There was an error in this gadget

Tuesday, 17 December 2013

Rearranging Deckchairs ...

I have been watching with some amusement, the latest efforts by the Home Office to 'do something' about the 'flood' of immigrants they expect to get from Romania and Bulgaria. The Home Secretary has been making noises about 'capping' the number of immigrants from within the EU, which, as the Deputy PM has pointed out is illegal and discriminatory. It seems to have escaped the notice of the British Press however, that the Danish Interior Ministry, and the Danish EU Commissioner free movement of workers within the EU has nailed the flaw in Mrs May's arguments.

The problem is that Britain has become a magnet for those looking for handouts because it has the most generous 'benefit' system in Europe, the easiest to gain access to, and the easiest to defraud. As the Danish lady said - stop trying to restrict the numbers, and fix the system that draws them in!

That, unfortunately, isn't going to happen. I know there is a huge uproar at the moment about cuts to a wide range of benefits, but the reality is that, in real terms, it is the old pea under the cup trick. While some, often the most in need of help, are losing out, the money is simply being 'rearranged' and the cheats, the idle and the manipulative aren't losing out. The 'rights' lawyers are having a ball, and raking in cash left right and centre 'fighting' for the handouts to migrants from non-EU countries and 'vulnerable minorities' while the pensioners, disabled, and chronically sick who don't have the connections, bear the brunt of it.

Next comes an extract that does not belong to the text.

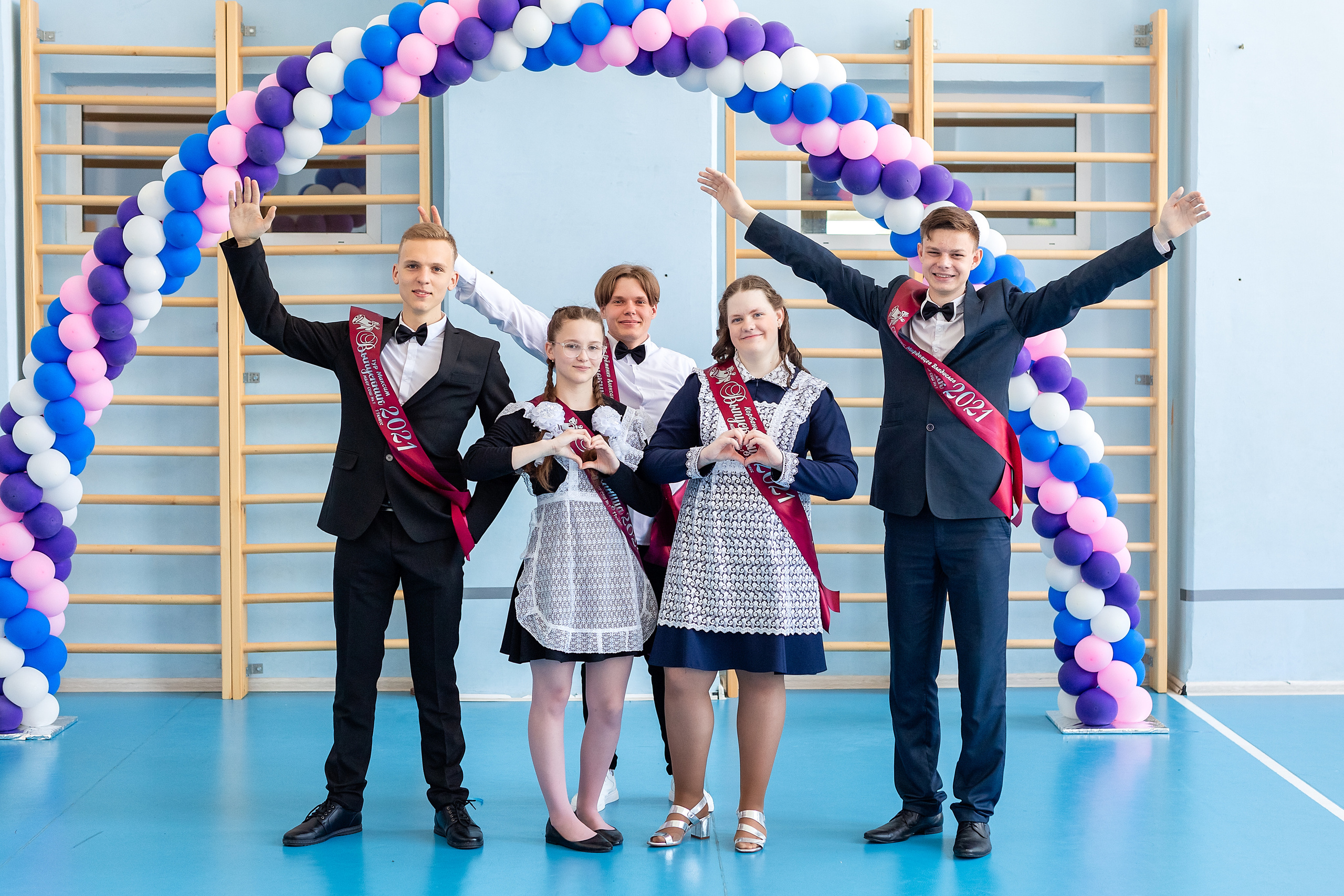 Последний звонок 1школа. Стильный выпускной альбом Владивосток фотограф Вероника Мигачева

Parliament can, in the meantime, award itself a pay rise, bigger pension benefits and expenses claims, but is afraid to tackle the root cause of much of the UK's financial woe - the out of control 'benefit' system. To pay for this the last government raided Pension Funds, destroying some, reducing others to near bankruptcy and accusing all pensioners of 'being a drain on the economy'. A bit rich from a bunch of professional parasites sitting on gold-plated pensions themselves, especially as 'Pensions' are not a 'Benefit'. Everyone in receipt of one has contributed toward it through their employer, through their tax and through direct contributions. In my own case an average throughout my working life of 5% of salary in direct contribution, an amount matched for most of that time by my employer. So called National Insurance is supposed to pay for 'Unemployment Benefit', pensions and, some think, the National Health Service. It currently runs at 11% of earnings, plus an employer's contribution, but most of it simply vanishes into the Whitehall Black Hole. It is not, and never has been, an 'insurance' in the same sense as a policy taken out with an insurance company, nor has a single penny of it been invested for the future.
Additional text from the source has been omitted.